The second concerto, in B minor, although scarcely streamlined, is a more-compressed work and in many ways a more interesting one. It is not really tightly knit, but here Dohnányi controls the sprawl better than in his earlier concerto. The capital-R Romanticism is more surprising in light of the date of this concerto, written four years after Rachmaninoff’s death, than at the time of the first concerto, begun the year Brahms died. Dohnányi never updates his harmonic palette or takes particular cognizance of the many changes in music in the first half of the 20th century: he is unabashedly faithful to the Romantic spirit and the virtuoso piano techniques associated with it.

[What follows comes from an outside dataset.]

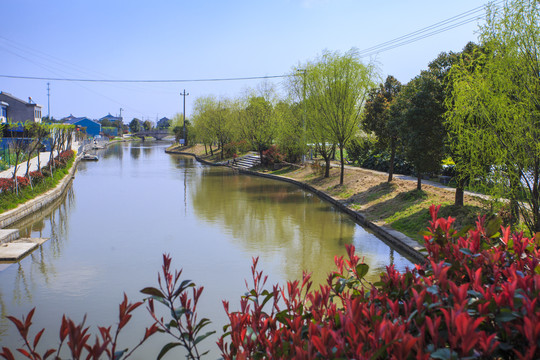 宁波鄞州咸祥镇大湖契河美景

Again in this concerto, he fails to create any particularly memorable themes, but he works with his material here with more-pointed skill than in the earlier concerto, and the piece feels better proportioned. And the slow movement, marked Adagio – Poco rubato, does not come across as a byway or afterthought, but as a warm and rather thoughtful contemplation between the outer movements. Concerto No. 2 may be just too backward-looking to attract the attention of contemporary pianists; but here again, Gülbadamova and Matiakh show clear understanding of the work’s provenance and structure, and work together to produce a finely balanced, very well-played performance that shows the concerto in the best possible light. Neither concerto is anywhere near as much fun as the Variations on a Nursery Tune, which pays tribute to some composers of the early 20th century and gently satirizes others: the two concertos are serious, intense works that are “big” in every sense. That makes them challenging to play and, in truth, to hear: they are well-made and worthwhile for occasional listening, but there is little in them distinctive enough to make them stand out from other late-Romantic (or post-late-Romantic) assertions for piano and orchestra.